The secondary hypothesis was equally important: a post-subscription onboarding experience that immediately returned users to content would reduce early churn among newly converted subscribers — thereby addressing the retention gap our research had surfaced.
The Experimentation Framework
I proposed and documented a phased testing strategy organized around the three highest-impact variables identified through research:
Paywall threshold testing — A/B testing article limits to find the threshold that maximizes subscription prompts without eroding Boston.com's role as a free content acquisition channel. The question wasn't just "what converts more users" but "what converts users without damaging the audience habits that make Boston.com valuable as a top-of-funnel asset."
Checkout friction testing — evaluating the step-based flow against alternative layouts to validate that structured transparency outperformed minimal-step approaches for this specific audience. The hypothesis was grounded in research: users dropped off not because checkout was long, but because pricing and commitment details weren't visible enough.
Onboarding engagement testing — Measuring whether the post-subscription content feed and CTAs on the confirmation screen meaningfully changed 7-day and 30-day return rates among new subscribers — the direct measure of whether we had solved the disappearing subscriber problem.

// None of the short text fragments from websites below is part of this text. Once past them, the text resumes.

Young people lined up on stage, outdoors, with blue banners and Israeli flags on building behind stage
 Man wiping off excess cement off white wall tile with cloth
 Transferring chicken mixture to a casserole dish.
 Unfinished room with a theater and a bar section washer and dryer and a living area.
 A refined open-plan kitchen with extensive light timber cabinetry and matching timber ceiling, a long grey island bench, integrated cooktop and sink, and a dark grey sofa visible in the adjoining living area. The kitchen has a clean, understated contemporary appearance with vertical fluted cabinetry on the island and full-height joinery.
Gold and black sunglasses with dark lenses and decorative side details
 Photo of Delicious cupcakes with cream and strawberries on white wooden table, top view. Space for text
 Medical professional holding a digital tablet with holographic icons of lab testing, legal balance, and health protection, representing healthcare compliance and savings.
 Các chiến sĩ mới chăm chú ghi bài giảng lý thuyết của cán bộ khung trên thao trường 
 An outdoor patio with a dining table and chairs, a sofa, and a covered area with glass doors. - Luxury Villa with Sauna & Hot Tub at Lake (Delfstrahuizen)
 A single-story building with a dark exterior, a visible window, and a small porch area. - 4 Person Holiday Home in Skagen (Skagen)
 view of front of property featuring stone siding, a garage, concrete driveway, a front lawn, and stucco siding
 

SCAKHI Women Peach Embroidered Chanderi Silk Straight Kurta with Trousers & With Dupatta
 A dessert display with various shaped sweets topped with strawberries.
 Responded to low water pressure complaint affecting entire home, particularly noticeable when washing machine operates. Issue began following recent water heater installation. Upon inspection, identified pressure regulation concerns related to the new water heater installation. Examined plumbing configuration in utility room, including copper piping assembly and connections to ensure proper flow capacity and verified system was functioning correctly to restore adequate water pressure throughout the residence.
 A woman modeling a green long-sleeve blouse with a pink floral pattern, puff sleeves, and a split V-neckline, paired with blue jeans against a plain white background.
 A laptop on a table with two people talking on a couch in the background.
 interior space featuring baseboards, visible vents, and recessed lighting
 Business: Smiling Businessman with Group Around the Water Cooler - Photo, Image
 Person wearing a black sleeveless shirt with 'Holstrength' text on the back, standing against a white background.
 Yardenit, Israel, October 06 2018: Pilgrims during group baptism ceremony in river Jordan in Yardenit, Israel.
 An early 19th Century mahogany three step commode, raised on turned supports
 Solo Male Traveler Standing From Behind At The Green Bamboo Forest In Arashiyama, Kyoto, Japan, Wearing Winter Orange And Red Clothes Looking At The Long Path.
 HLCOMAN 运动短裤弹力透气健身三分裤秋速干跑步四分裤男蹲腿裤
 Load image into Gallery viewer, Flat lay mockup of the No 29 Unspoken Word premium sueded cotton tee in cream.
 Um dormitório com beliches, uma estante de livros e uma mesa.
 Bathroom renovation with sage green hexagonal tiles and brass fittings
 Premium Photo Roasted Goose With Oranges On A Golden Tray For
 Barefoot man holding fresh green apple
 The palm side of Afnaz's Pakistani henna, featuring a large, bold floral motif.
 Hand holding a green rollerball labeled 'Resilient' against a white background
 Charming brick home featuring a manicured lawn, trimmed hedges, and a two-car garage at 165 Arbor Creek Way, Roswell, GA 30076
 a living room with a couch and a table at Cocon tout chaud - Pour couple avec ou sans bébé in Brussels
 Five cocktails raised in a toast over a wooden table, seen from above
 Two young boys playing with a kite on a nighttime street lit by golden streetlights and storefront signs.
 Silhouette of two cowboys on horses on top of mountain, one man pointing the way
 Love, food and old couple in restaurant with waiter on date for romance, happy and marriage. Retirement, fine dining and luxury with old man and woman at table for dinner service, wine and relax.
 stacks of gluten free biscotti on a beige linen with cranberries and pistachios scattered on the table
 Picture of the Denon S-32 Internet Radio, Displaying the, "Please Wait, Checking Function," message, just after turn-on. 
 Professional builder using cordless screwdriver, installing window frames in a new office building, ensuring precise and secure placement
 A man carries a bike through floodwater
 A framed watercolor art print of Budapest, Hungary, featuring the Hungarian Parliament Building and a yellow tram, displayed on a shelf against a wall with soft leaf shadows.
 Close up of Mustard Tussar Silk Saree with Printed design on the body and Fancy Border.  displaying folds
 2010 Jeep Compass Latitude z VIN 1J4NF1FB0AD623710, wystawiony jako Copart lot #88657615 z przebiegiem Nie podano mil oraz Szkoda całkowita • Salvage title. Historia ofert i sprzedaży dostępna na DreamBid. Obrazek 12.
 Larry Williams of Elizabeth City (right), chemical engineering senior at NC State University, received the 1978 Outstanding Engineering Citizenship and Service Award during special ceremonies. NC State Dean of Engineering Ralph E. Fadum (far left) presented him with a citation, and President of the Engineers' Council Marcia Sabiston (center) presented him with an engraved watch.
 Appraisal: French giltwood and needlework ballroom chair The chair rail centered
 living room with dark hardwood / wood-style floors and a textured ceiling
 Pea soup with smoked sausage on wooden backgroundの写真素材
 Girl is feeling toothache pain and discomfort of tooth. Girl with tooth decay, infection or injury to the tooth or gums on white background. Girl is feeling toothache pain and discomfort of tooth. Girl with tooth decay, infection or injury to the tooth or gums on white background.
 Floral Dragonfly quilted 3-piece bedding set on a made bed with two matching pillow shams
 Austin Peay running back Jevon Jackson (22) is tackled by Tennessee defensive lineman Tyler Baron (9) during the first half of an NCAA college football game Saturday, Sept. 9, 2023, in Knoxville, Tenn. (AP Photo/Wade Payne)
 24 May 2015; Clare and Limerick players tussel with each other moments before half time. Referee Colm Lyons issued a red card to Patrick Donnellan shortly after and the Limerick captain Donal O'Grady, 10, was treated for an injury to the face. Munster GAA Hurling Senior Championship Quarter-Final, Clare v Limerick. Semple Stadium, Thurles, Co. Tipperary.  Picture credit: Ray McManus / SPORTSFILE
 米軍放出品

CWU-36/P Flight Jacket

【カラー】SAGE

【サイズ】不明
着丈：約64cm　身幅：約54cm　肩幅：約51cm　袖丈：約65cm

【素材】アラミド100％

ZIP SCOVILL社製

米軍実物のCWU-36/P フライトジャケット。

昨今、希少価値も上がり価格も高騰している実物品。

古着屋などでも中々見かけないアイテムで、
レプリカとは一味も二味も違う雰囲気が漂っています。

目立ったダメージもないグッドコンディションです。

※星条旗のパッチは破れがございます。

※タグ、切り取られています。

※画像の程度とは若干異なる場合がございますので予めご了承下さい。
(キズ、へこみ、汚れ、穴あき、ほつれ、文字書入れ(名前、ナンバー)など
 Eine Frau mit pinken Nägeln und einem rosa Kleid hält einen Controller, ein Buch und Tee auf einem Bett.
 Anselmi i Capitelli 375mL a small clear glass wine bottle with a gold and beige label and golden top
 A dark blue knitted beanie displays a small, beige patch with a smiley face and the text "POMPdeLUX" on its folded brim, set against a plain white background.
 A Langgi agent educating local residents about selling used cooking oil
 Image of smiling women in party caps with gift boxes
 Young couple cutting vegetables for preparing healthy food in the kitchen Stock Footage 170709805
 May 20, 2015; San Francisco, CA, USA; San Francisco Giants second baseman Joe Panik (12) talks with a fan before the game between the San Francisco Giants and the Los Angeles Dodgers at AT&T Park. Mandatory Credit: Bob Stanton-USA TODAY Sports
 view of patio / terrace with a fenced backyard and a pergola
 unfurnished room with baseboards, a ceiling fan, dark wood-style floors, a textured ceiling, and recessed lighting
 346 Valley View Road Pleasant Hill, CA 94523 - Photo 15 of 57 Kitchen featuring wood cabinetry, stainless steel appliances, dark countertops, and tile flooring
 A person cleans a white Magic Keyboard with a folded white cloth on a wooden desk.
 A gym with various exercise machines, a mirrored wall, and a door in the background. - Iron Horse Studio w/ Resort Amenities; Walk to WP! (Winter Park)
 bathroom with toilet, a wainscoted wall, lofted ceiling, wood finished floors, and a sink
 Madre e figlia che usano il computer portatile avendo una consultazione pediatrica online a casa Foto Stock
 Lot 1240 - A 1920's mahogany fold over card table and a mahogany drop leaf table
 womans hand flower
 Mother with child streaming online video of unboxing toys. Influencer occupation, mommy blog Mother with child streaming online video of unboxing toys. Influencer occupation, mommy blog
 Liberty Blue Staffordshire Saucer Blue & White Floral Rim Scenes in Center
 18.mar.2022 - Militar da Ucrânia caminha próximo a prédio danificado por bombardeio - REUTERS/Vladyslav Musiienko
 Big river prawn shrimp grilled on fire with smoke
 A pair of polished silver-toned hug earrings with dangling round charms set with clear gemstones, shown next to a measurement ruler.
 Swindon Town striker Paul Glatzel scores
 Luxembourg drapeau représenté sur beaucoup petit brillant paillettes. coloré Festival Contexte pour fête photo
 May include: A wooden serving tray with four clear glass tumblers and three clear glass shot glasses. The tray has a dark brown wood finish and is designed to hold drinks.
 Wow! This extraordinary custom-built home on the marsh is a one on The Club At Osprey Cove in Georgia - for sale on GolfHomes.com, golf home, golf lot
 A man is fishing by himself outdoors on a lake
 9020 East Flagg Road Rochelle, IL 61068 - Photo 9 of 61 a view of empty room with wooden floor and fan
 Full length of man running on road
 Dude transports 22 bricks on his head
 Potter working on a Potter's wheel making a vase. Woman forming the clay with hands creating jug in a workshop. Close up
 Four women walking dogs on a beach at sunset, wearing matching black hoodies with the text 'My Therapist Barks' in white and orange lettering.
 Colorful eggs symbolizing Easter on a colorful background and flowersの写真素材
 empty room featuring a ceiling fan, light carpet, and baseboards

What I Would Have Measured
Had I remained on the project through the measurement phase, these were the primary signals I would have tracked:
Paywall conversion rate: the percentage of users who hit the paywall and completed a subscription, segmented by acquisition source
Check out completion rate by step: to identify exactly where users were still dropping off within the new flow
7-day and 30-day subscriber return rate:the most direct measure of whether onboarding was creating the content habit that prevents early cancellation
Qualitative feedback and support ticket volume: monitoring for confusion, trust gaps, and friction signals in real time, particularly around billing clarity and account creation
These metrics were chosen to evaluate both the immediate conversion impact and the longer-term retention value of the experience because a subscription that converts but doesn't retain is not a solved problem.
What I'd Prioritize Next
If I were continuing to iterate on this experience, the first optimization I'd pursue is paywall messaging personalization to serve different value propositions based on the content category a user was reading when they hit the limit. A user who reads sports coverage daily needs a different reason to subscribe than a user who reads breaking news occasionally. The infrastructure to support this segmentation is in place. The messaging strategy to leverage it does not yet.
8. Conclusion
This project taught me that conversion problems are often organizational problems wearing a UX costume.
The checkout wasn't broken because of bad design. It was broken because two teams owned adjacent parts of the same journey with no shared accountability for the seam between them. The design solution was secondary to the strategic reframe: making the case that this was a systems problem, not a page problem.
By unifying the paywall, checkout, and onboarding into a single experience, the design shifted the subscription from a transactional interruption to a trust-building moment in the reader's relationship with Boston.com. That system shipped, and the experimentation framework to validate and iterate on it was already in motion.
What I'd do differently: I'd invest earlier in quantifying the cost of the broken handoff in dollar terms and not just drop-off rates. Making the business case with revenue-impact data would have accelerated stakeholder alignment and helped prioritize this work even sooner, against competing initiatives.